Mediterre, quest’anno, si è assunta il compito di analizzare proprio la critica situazione climatica e ambientale dell’ecoregione mediterranea, considerandola come un’unica entità. Sarà importante, dunque, lanciare un segnale forte, al fine di limitare i danni sull’ambiente sia a livello locale che globale. L’uomo e la natura si trovano in rotta di collisione e questo scontro è la causa scatenante della mancanza di pace sull’intero Pianeta”. A tal proposito, Fusilli ha fatto riferimento a quanto detto dal premio Nobel per la Pace 2004 Wangari Maathai: “La pace nel mondo dipende dalla tutela dell’ambiente”, facendo intendere la necessità di avviare azioni comuni finalizzate alla lotta alle desertificazioni.

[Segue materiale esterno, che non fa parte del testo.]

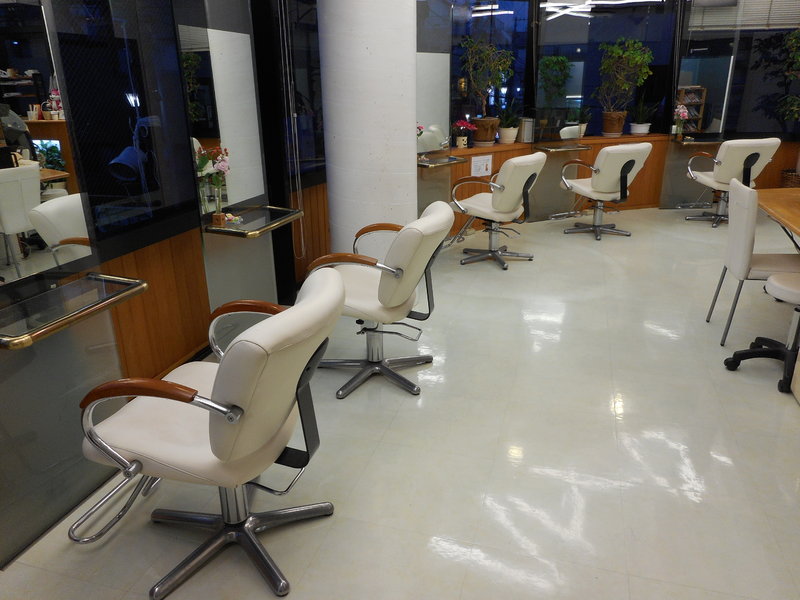 J-walk【ジェイウォーク】 | 経堂のヘアサロン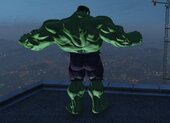 HULK + BANNER DELUXE [ Addon Ped ]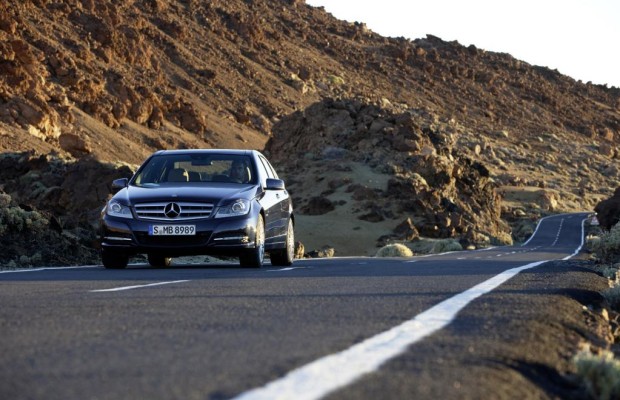 Mehr Power für Mercedes-Vierzylinder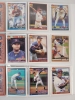 1960, 1961+ 1971-1991 Topps MLB Baseball Trading Card Singles , 108 Trading Cards - 7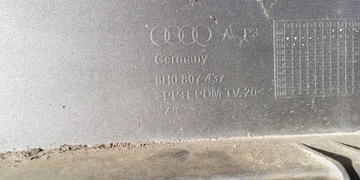 фото thumb №9, Audi a4 b6 8h0 cabrio 01-04 бампер передній перед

L’architetto Pietro Laureano, consulente Unesco, ha sottolineato come l’umanità abbia sempre modificato il suo ambiente, a partire dal Neolitico. “Un cambiamento – ha proseguito – che ha subito un’accelerazione negli ultimi cinquanta anni. Gli avvenimenti degli ultimi tempi non fanno che dimostrare quanto sia stretto il legame tra l’uomo, il clima e l’ambiente in cui vive. Il clima, in particolare, rappresenta il ‘motore’ a cui l’uomo, da sempre, ha dovuto adeguarsi e trovare delle soluzioni per affrontare i cambiamenti. Il Mediterraneo, in particolare, è stato oggetto di continui mutamenti e l’uomo ha seguito le trasformazioni in atto, talvolta producendo azioni positive, altre negative. L’umanità, dunque, ha trovato sempre la capacità di rispondere ai mutamenti climatici. Oggi, la differenza più grossa consiste nel ‘tempo’. Mi riferisco alla velocità con cui si susseguono i cambiamenti, ai quali diventa sempre più difficile adeguarsi. Cosa fare, dunque? Sicuramente – ha concluso Laureano – non contrastare una situazione in continua e costante evoluzione, ma cercare di mitigare i fenomeni ed abituare le popolazioni al cambiamento. Ciò significa che sta crescendo un nuovo modello di sviluppo”. A detta di Massimo Serafini, della segreteria nazionale di Legambiente, “i cambiamenti climatici minacciano la pace nel mondo. Ci troviamo di fronte – ha affermato Serafini – ad un vero dramma, la cui causa principale è individuabile nei combustibili (petrolio, metano, carbone) il cui consumo eccessivo, anziché produrre benessere, causa povertà. Esiste, infatti, una disparità troppo grande tra i Paesi che dispongono di queste risorse e quelli che, al contrario, ne sono privi. E’ questo a generare i conflitti e a scatenare guerre. Non solo. Il livello di emissioni di queste sostanze, ormai sempre più alto, comporterà – così come dimostrato dal “Terzo rapporto sul clima” – lo scioglimento del sistema dei ghiacci e l’aumento del livello del mare sino ad 80 centimetri. Da qui, la opportunità di utilizzare, come fonti energetiche, le risorse solari, fonti inesauribili che tutti, indistintamente, possiedono”.
Infine, Padre Bruno Mioli, Direttore dell’Ufficio per la pastorale immigrati esteri in Italia, si è soffermato sul tema dell’immigrazione. “Esiste una stretta connessione – ha affermato – tra i flussi migratori ed i cambiamenti climatici ed ambiental i. Da sempre, l’immigrazione è una spia del disagio, ma anche del grande squilibrio economico esistente nel mondo. Quando un Paese diventa invivibile, la sua gente emigra altrove. L’immigrazione, dunque, non è frutto di una libera scelta, ma di una costrizione. Lo dimostra la prima grande emigrazione, quella ufficialmente registrata che va dal 1876 al 1914. In questo periodo, in Italia 14 milioni di persone sono partite ed i due terzi non sono mai più tornati in patria. Il picco lo si è avuto nel 1913, quando sono partiti 870mila italiani. Una vera e propria emorragia. Le immigrazioni, tuttavia, fanno parte della nostra storia e della storia di tutta l’umanità, ma sono anche un fatto naturale a cui è difficile porgere argine”.